BBC, Serang – Gubernur Banten Wahidin (WH) mengungkapkan Larangan Mudik Lebaran Idul Fitri 1442 H sudah menjadi kesepakatan serta masyarakat Banten sudah memahaminya. Hal itu diungkap oleh Gubernur dalam telekonferensi Rapat Koordinasi dengan Kementerian Perhubungan Terkait Pengendalian Transportasi Hari Raya Idul Fitri 1442 H di Provinsi Banten dari Ruang Rapat Rumah Dinas Gubernur Banten Jl. Jenderal Ahmad Yani No.158 Kota Serang, Selasa 4/5/2021.

“Tinggal kita bagaimana melakukan penataannya,” ungkap Gubernur dalam rakor yang diikuti oleh Bupati/Walikota se-Provinsi Banten, Forkopimda Provinsi Banten serta Forkopimda Kabupaten/Kota se-Provinsi Banten.

Dikatakan, posisi Provinsi Banten yang berada di ujung barat Pulau Jawa sangat strategis. Selain itu, sekitar 63% penduduk Provinsi Banten merupakan pendatang. Termasuk pula penduduk Jakarta yang sebagian besar tinggal di Tangerang Raya. Sehingga pada tahun ini Polda Banten mengajukan 19 titik penyekatan. Tangerang Raya yang masuk aglomerasi dengan Jakarta, namun memiliki kedekatan dengan Pandeglang.

Gubernur juga menyarankan, saat pemberlakuan larangan mudik, agar kereta komuter tidak sampai Rangkasbitung alias cukup sampai Tangerang Raya. Sehingga hanya beroperasi di daerah aglomerasi.

Dalam kesempatan itu, Gubernur juga mengingatkan untuk antisipasi aktivitas masyarakat sesudah lebaran. Masyarakat yang tidak mudik akan melakukan halal bihalal, wisata, dan ke mall atau pusat perbelanjaan.

“Kalau orang Tangerang Raya tidak boleh ke pantai di Banten barat mungkin bisa diminimalisir. Pariwisata yang dibuka bisa menimbulkan kerumunan masyarakat dari wilayah luar. Kecuali kalau hanya untuk wisatawan lokal,” ungkap Gubernur.

“Pusat-pusat perbelanjaan di Tangerang Raya juga akan ramai oleh penduduk yang tidak mudik,” tambahnya.

Dalam kesempatan itu Menteri Perhubungan Budi Karya Sumadi mengungkapkan Provinsi Banten merupakan salah satu tujuan mudik nomor lima (5) di Pulau Jawa setelah Jawa Tengah, Jawa Barat, Jawa Timur, dan Yogyakarta.

Menhub berharap operasi penyekatan dilakukan secara simpatik. Menurut perkiraannya sekitar dua (2) juta pemudik berasal dari Banten. Bandara Soekarno-Hatta diperketat dengan dua kali tes PCR dan karantina lima (5) hari serta memperhatikan travel gelap di Pelabuhan Merak.

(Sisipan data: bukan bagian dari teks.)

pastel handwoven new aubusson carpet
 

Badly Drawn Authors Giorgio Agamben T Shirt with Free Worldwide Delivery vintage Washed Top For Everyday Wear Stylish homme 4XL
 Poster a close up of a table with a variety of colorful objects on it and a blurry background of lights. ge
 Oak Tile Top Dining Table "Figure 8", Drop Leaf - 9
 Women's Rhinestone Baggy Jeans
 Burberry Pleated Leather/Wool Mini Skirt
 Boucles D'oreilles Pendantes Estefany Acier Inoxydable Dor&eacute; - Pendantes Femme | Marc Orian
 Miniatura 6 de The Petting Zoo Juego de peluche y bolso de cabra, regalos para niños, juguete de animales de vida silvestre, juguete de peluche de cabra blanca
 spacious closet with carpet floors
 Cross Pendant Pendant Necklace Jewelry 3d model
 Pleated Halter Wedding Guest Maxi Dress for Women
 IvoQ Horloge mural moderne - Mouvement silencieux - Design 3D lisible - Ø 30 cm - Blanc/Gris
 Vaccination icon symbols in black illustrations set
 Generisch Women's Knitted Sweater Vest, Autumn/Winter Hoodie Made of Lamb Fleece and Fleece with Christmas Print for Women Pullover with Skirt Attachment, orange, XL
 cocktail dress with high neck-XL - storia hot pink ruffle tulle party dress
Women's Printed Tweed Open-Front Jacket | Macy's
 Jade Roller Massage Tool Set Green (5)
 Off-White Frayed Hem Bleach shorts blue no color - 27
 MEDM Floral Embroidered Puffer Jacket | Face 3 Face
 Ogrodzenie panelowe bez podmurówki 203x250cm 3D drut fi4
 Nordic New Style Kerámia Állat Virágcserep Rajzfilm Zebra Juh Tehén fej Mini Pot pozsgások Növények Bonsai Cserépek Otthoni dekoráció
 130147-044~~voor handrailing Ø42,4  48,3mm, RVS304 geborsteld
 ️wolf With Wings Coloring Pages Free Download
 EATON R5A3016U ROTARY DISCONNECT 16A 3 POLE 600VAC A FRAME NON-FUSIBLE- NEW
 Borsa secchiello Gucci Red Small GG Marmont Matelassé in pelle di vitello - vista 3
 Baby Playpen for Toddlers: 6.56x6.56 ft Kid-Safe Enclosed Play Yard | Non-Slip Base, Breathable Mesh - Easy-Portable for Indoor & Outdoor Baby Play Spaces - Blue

Sementara itu Kasatgas Covid-19 yang juga Kepala BNPB Doni Monardo mengungkapkan Provinsi Banten termasuk Provinsi dengan tingkat pengendalian kasus Covid-19 yang lebih baik. Hal itu ditunjukkan tren kasus aktif yang rendah (4,32%), tingkat kesembuhan yang tinggi (93,14), serta tingkat kematian yang rendah. Ketiga indikator itu lebih rendah dari Nasional.

“Kondisi ini tentunya bisa kita pertahankan, karena beberapa daerah khususnya di Pulau Sumatra mengalami peningkatan. Biasanya tidak menunggu lama untuk terjadi peningkatan pesat/ eksponensial,” ungkap Kasatgas Covid-19.

“Kita harus tegas mengatakan jangan mudik. Lebih baik kita sekarang cerewet, daripada korban berderet-deret. Diharapkan Posko PPKM Mikro diminta memberikan fasilitasi virtual kepada masyarakat kurang mampu,” tambahnya.

Rakor turut diikuti Bupati/Walikota se-Provinsi Banten, Forkopimda Provinsi Banten, serta Forkopimda Kabupaten/Kota se-Provinsi Banten.